Otyłość - leczenie zachowawcze

Prawda jest brutalna, pozbądźcie się złudzeń - żadna cud-dieta na 2-3 tygodnie, czy nawet na kilka miesięcy nie pomoże w skutecznym leczeniu nadwagi i otyłości. Do tego konieczna jest trwała, na całe życie zmiana nawyków żywieniowych połączona z trwałym zwiększeniem aktywności fizycznej. To tzw. leczenie zachowawcze.

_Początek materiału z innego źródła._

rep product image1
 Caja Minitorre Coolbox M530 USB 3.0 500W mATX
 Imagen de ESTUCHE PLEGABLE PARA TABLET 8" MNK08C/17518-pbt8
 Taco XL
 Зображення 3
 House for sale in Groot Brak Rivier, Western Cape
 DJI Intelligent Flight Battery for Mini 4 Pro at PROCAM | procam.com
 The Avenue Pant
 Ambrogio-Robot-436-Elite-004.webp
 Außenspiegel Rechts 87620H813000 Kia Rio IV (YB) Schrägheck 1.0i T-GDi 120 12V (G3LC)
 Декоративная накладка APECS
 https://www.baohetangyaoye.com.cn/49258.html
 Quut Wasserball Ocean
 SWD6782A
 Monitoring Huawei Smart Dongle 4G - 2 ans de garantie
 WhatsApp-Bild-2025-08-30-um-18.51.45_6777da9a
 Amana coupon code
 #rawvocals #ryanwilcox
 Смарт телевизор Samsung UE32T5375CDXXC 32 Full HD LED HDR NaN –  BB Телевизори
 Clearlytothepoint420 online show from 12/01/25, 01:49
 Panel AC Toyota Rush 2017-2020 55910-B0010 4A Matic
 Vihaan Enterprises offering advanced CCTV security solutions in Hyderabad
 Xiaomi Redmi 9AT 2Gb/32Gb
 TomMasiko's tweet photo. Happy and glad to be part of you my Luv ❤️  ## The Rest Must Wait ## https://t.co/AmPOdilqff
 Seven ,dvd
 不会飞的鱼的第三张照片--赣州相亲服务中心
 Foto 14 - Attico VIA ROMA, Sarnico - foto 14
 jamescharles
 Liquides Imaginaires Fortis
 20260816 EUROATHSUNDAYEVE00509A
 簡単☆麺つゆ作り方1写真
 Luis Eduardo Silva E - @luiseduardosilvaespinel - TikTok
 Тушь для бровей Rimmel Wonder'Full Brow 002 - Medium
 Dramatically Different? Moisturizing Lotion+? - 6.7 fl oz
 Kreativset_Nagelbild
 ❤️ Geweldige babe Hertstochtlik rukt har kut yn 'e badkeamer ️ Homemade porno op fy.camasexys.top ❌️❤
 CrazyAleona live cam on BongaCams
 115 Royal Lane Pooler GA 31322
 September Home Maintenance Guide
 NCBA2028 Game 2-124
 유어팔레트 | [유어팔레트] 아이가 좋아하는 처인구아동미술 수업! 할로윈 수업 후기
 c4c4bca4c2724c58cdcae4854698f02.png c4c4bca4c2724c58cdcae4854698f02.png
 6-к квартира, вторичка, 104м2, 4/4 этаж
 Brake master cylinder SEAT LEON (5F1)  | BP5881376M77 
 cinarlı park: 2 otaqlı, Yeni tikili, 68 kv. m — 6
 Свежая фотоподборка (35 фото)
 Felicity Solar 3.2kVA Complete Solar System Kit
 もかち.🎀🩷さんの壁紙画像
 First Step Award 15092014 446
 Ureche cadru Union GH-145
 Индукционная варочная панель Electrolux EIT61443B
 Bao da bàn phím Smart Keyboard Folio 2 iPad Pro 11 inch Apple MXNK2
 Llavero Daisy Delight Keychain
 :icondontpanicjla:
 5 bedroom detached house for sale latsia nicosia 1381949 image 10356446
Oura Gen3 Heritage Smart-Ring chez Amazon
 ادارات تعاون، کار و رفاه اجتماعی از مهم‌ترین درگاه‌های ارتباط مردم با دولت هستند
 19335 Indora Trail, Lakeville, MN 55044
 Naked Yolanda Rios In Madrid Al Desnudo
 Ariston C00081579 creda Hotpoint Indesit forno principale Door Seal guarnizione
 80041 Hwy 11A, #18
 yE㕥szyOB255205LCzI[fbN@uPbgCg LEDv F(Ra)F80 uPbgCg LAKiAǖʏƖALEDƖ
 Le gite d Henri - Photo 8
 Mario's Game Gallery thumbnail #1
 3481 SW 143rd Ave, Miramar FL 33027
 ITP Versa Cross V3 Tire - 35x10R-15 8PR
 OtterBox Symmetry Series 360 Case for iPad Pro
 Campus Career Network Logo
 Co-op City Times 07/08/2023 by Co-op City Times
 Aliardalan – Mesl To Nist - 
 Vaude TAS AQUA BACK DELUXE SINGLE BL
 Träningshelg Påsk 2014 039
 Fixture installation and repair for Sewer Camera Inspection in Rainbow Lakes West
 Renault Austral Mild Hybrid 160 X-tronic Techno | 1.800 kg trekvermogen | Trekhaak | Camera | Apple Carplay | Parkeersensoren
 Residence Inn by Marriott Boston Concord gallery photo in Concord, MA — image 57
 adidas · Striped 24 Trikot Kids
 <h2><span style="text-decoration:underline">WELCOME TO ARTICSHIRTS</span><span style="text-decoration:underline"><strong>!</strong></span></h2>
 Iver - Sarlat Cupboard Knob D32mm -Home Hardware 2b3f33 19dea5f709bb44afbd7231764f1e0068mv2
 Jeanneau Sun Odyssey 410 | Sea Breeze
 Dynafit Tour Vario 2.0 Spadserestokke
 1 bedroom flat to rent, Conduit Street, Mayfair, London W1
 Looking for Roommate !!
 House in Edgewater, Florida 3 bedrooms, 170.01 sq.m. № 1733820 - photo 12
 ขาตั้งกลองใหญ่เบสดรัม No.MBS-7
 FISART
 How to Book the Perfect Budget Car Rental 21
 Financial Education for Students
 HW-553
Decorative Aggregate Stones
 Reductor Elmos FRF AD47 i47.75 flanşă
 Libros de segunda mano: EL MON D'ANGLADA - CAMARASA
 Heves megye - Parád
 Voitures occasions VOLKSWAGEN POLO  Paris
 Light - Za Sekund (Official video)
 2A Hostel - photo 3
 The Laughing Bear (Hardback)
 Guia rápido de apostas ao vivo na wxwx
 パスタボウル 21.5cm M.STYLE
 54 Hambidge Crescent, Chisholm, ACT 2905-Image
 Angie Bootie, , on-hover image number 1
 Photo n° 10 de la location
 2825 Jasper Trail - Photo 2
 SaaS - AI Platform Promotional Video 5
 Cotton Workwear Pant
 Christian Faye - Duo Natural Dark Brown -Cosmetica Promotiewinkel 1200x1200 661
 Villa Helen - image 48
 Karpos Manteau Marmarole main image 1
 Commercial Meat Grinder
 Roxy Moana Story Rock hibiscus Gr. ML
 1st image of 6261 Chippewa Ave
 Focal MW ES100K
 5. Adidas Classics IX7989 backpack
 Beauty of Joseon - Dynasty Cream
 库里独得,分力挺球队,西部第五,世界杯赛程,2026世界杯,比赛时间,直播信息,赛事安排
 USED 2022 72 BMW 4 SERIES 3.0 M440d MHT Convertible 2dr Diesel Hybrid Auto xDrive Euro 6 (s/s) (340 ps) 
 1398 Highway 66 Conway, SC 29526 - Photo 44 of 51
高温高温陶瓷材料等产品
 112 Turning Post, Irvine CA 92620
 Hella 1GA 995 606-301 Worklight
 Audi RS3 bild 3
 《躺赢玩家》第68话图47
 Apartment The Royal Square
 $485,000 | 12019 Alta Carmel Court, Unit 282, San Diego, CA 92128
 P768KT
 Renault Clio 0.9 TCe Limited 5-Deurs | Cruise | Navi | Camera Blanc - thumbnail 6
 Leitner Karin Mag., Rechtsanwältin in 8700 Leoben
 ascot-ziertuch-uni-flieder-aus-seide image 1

Aby zredukować masę ciała trzeba spożywać mniej kalorii niż tego potrzebuje organizm. Ale te ilości mogą być u każdego chorego bardzo różne. Zależą m.in. od jego wieku, sprawności fizycznej, rodzaju wykonywanej pracy, zaawansowania otyłości i innych schorzeń.Dlatego prawidłową ilość kalorii, które może dziennie zjadać konkretna osoba z nadwagą lub otyłością, aby uzyskać korzystny efekt leczniczy powinien ustalić lekarz w porozumieniu z dobrym dietetykiem.

To samo dotyczy aktywności ruchowej. Jej rodzaj i "dawkowanie" powinny być dopasowane do stanu zdrowia, kondycji fizycznej i stopnia zaawansowania otyłości u każdego chorego oddzielnie. Takie zalecenia również powinien ustalić lekarz wspólnie z fizjoterapeutą.